O aumento da inflação foi provocado pelos preços dos produtos não alimentares; Os aumentos mais dramáticos registaram-se no mobiliário e nos produtos de beleza, à medida que a guerra no Médio Oriente aumentou os custos das matérias-primas e dos transportes.
A inflação dos bens não alimentares subiu para uma taxa anual de 0,5 por cento em Maio, em comparação com uma descida de 0,1 por cento em Abril.
Entretanto, a inflação dos preços dos alimentos caiu para 2,7%, face aos 3,1% registados em Abril.
Crise nos custos: De acordo com dados do British Retail Consortium, a inflação dos preços nas lojas aumentou de 1% em abril para 1,2% em maio.

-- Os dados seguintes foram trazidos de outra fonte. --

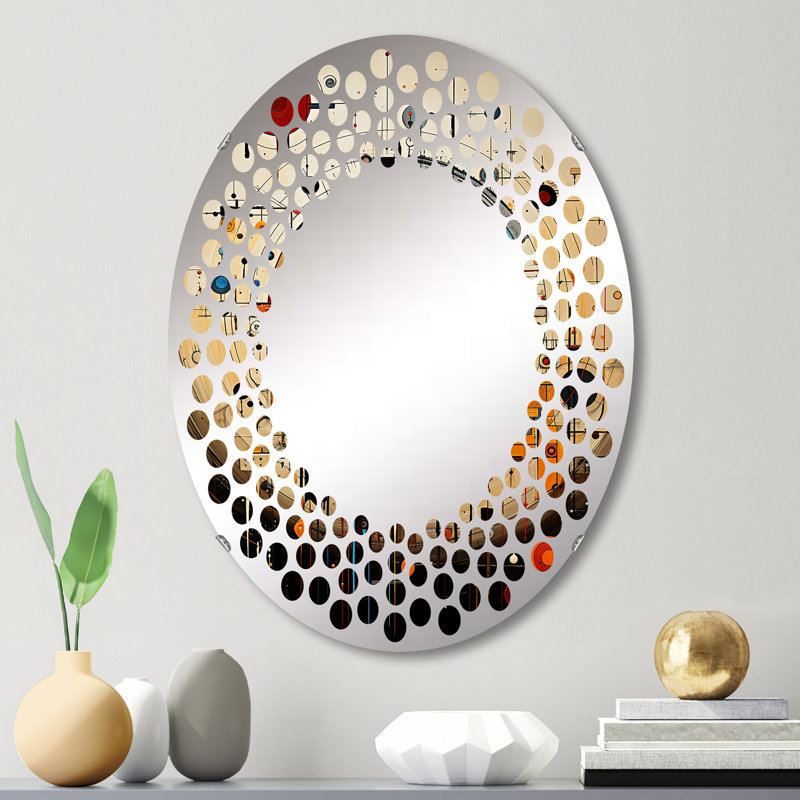 Symbole des Amérindiens interconnectés - miroir mural à pois - MIR117027-Ovale, L 20 po x H 30 po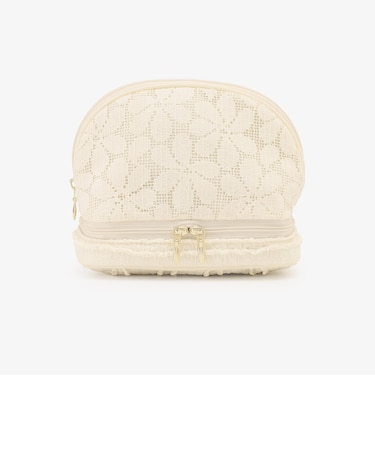 切替レースシェル型ポーチ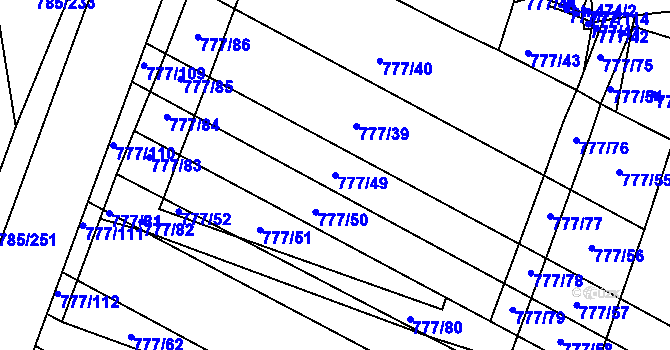 Parcela st. 777/49 v KÚ Násedlovice, Katastrální mapa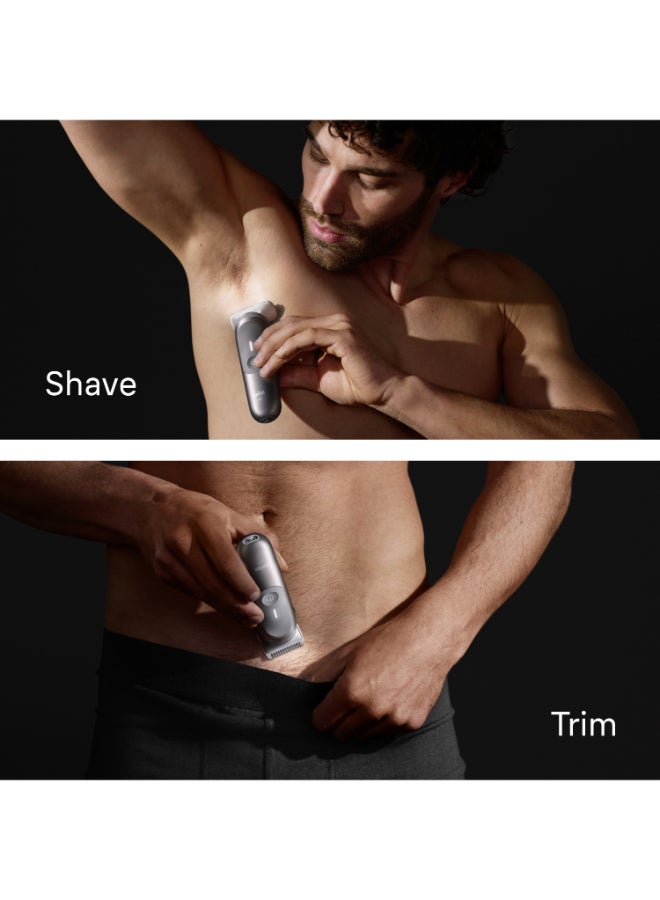 Braun Body Groomer Series 7, +6 Grooming Tools, Trim & Shave Hair, BG7550 Grey - Image 5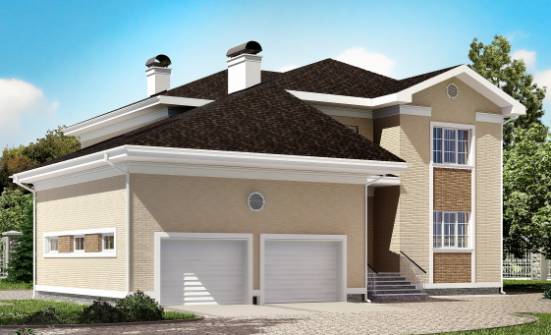 335-001-Л Проект двухэтажного дома и гаражом, современный коттедж из кирпича Мценск | Проекты домов от House Expert
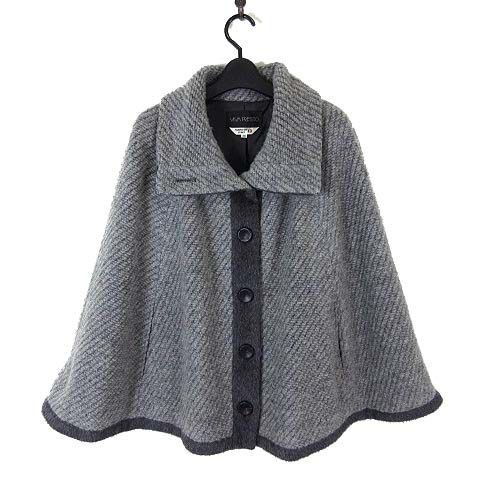 ヴィヴァプレスト VIVA PRESTO ケープ コート ポンチョコート アンゴラ アルパカ ウール イタリア製糸使用 ショール M 38 グレー チャコールグレー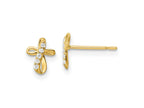 FJC Finejewelers 14 kt Yellow Gold Button CZ Cross Post Earrings 7 x 5 mm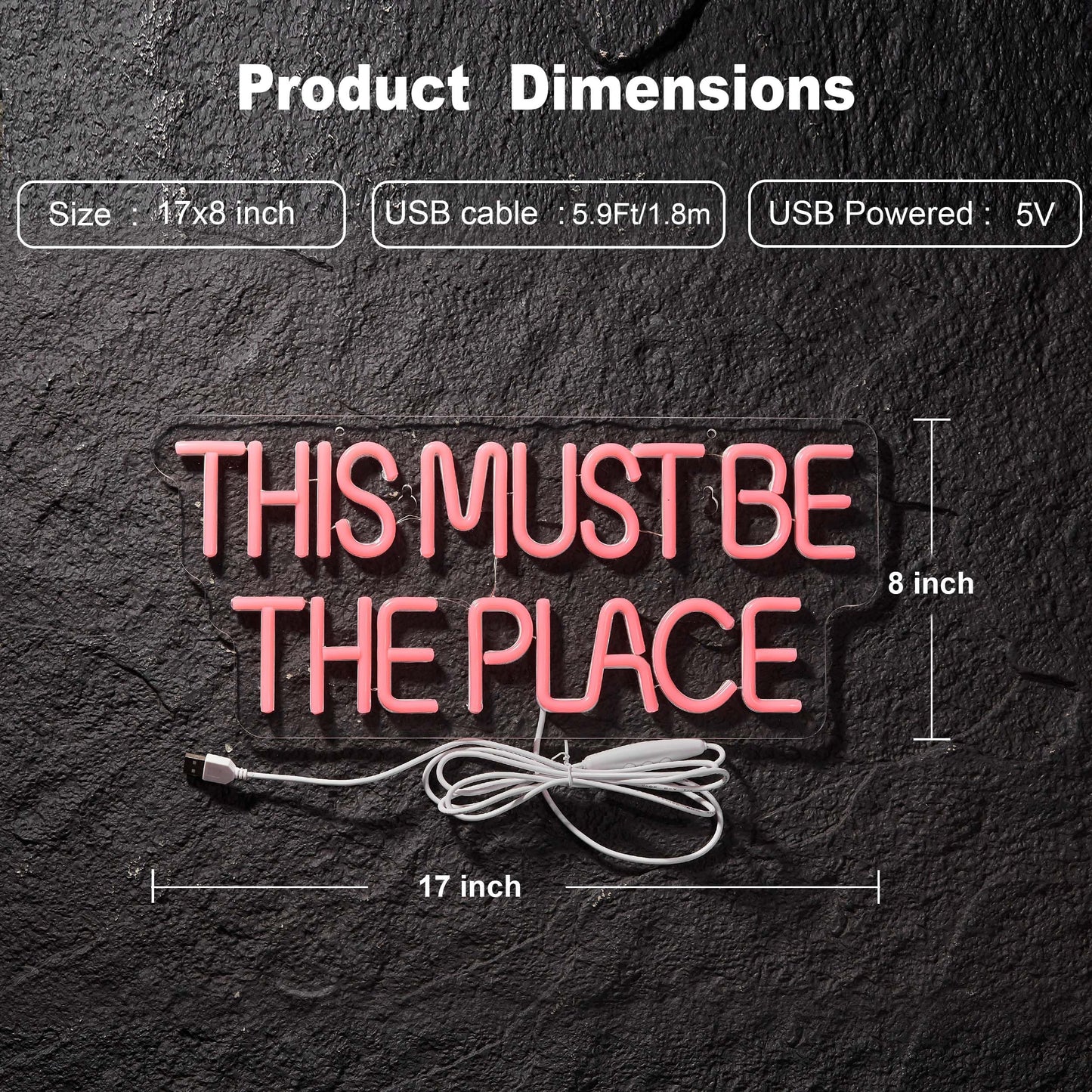 This Must Be The Place Neon Sign for Wall Décor Dimmable LED Neon Light USB Powered Neon Art Signs(Pink)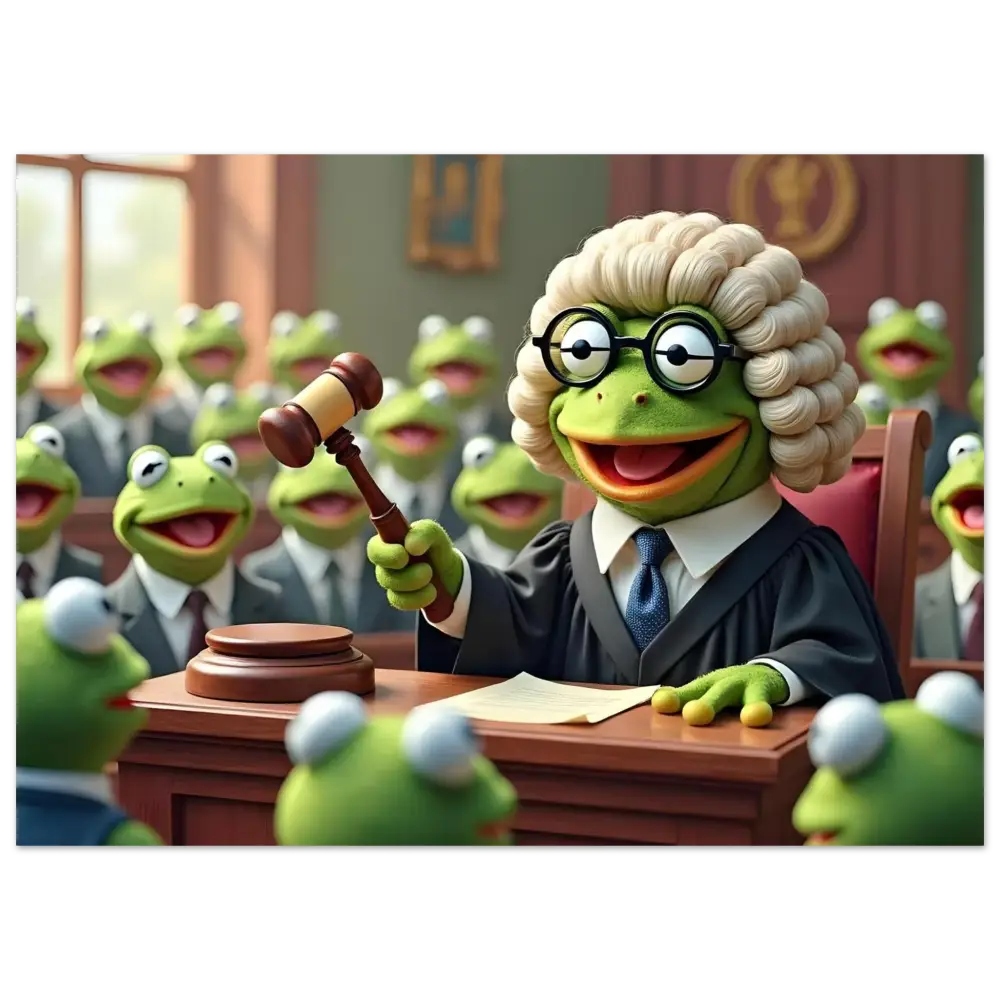 Frog judge with gavel in framed amphibian courtroom art from PixiOnyx Absurdist Display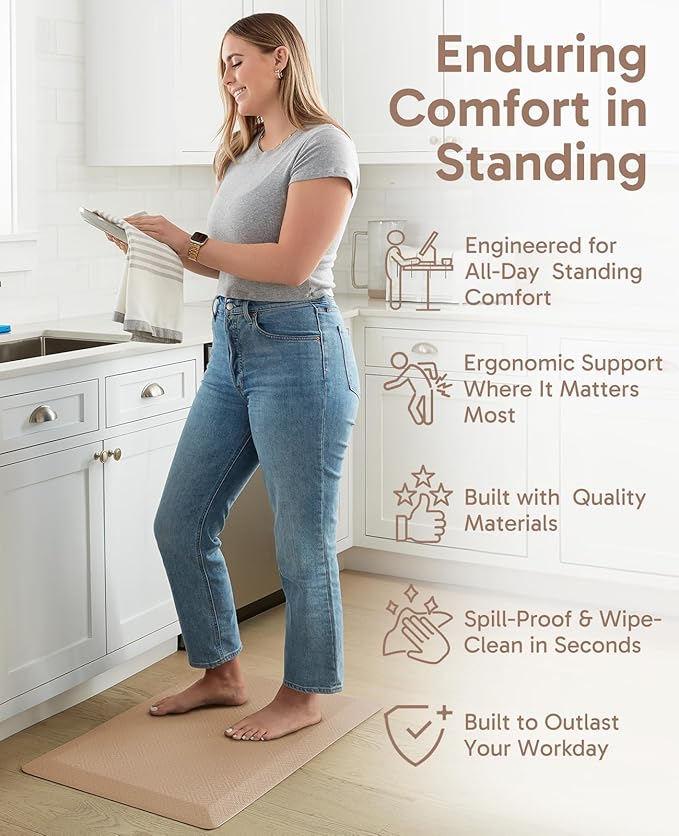 Ophanie Kitchen Mats for Floor, 3/4 inch Thick, Anti Fatigue Cushioned Mat, Kitchen Rugs, Waterproof, Comfort Ergonomic Standing Mat for Office, Home, Sink, 20x32 Beige Non-Slip Ridged Bottom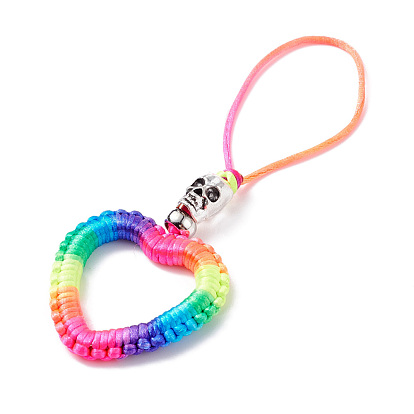 Heart Braided Nylon Cord Mobile Accessories, Phone Hanging Pendant Decor, with Alloy Skull Beads, European Brass Beads & Iron Findings
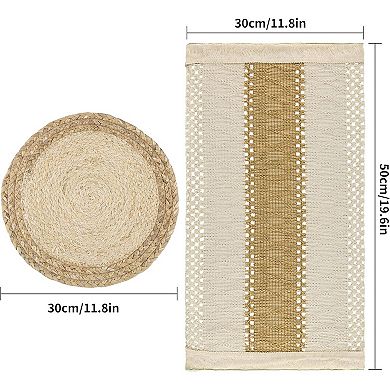 Handmade Boho Placemats Set of 6 - Cotton Burlap and Water Straw Woven Combination Table Mats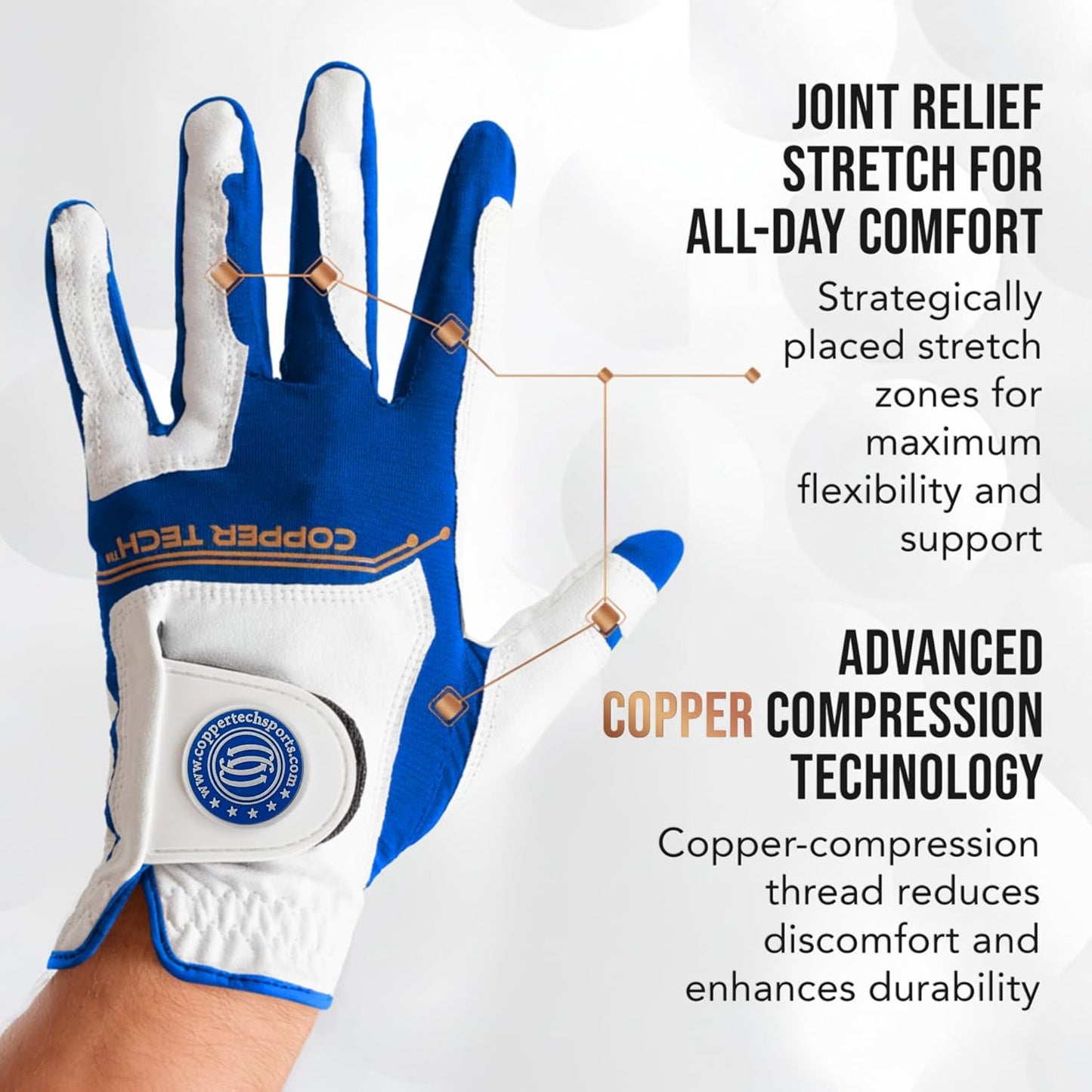 Copper Tech Men's Golf Gloves 2-Pack (White/Black, White/Royal Blue. Charcoal/Gray)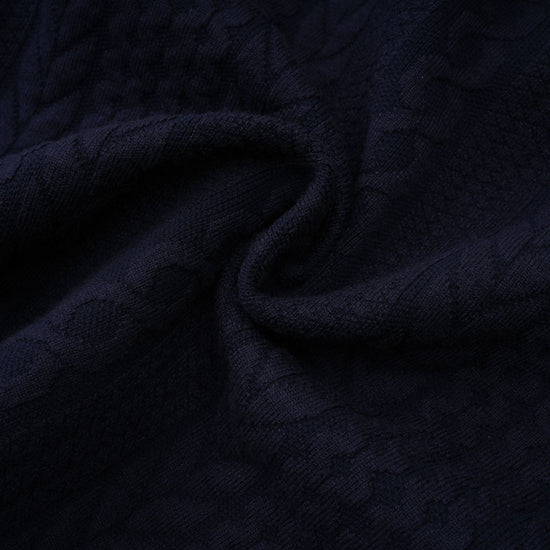 Elvira navy blue crochet-knit cardigan & trousers matching set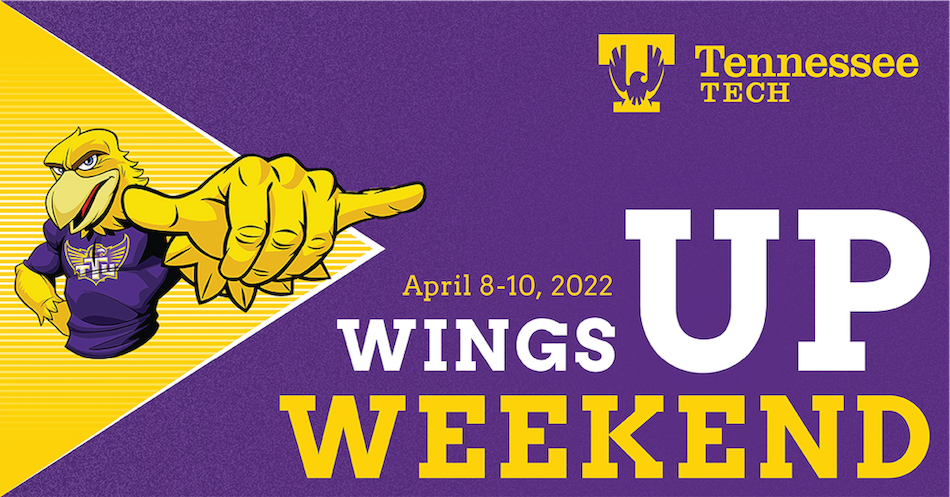 A graphic with comic book Awesome giving the wings up that reads Wings Up Weekend April 8-10, 2022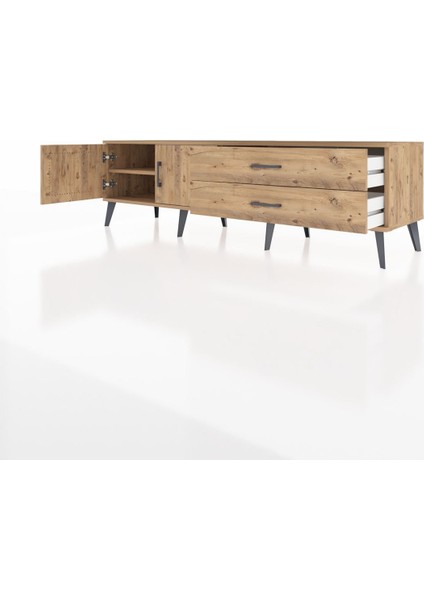 Hyperion Tv Ünitesi Tek Raflı 2 Çekmeceli 2 Kapaklı 176X44X51 Çam-Çam/çam modelleri
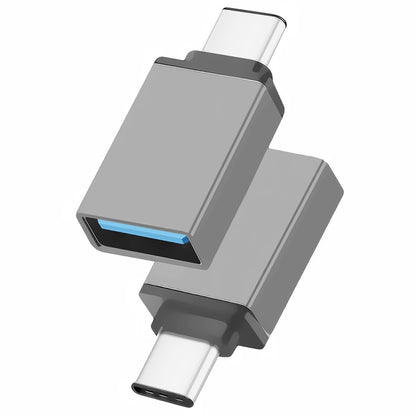 Metal USB-C to USB 3.0 adapter with blue port, light gray and dark-gray housing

Isto será provavelmente apresentado pelos retalhistas como prova de que já estão a fazer o que podem para proteger os clientes dos custos elevados.
Isto acontece poucos dias depois de os planos trabalhistas para forçar as lojas a limitar o preço dos bens essenciais terem sido amplamente criticados.
O presidente-executivo da Marks & Spencer, Stuart Machin, disse que a ideia era “completamente implausível”, enquanto o governador do Banco da Inglaterra, Andrew Bailey, disse que os limites de preços não eram sustentáveis no longo prazo.
A executiva-chefe do BRC, Helen Dickinson, disse: “Embora os varejistas trabalhem duro para manter os preços baixos para os clientes, eles continuam a enfrentar pressões de custos significativas, incluindo altas contas de energia e interrupções relacionadas ao conflito no Irã.
«As empresas não podem cobrir estes custos indefinidamente, o que corre o risco de os preços subirem ainda mais nos próximos meses.»
Os retalhistas queixaram-se de que estavam a ter dificuldades em manter os preços baixos, apesar de estarem sob pressão dos aumentos governamentais dos salários mínimos e das contribuições patronais para a Segurança Social.
Dickinson apelou ao Partido Trabalhista para “tomar medidas” para aliviar a pressão, cortando custos para as empresas, incluindo a redução dos impostos governamentais sobre as contas de energia.
O BRC disse que as empresas estavam insatisfeitas com os “custos não relacionados às commodities”, que são impostos sobre energia verde adicionados ao preço da energia.
Dickinson acrescentou: “A redução dos encargos, impostos e taxas não relacionados com matérias-primas, que representam mais de dois terços das facturas energéticas, e a redução da burocracia ajudarão a manter a inflação baixa”.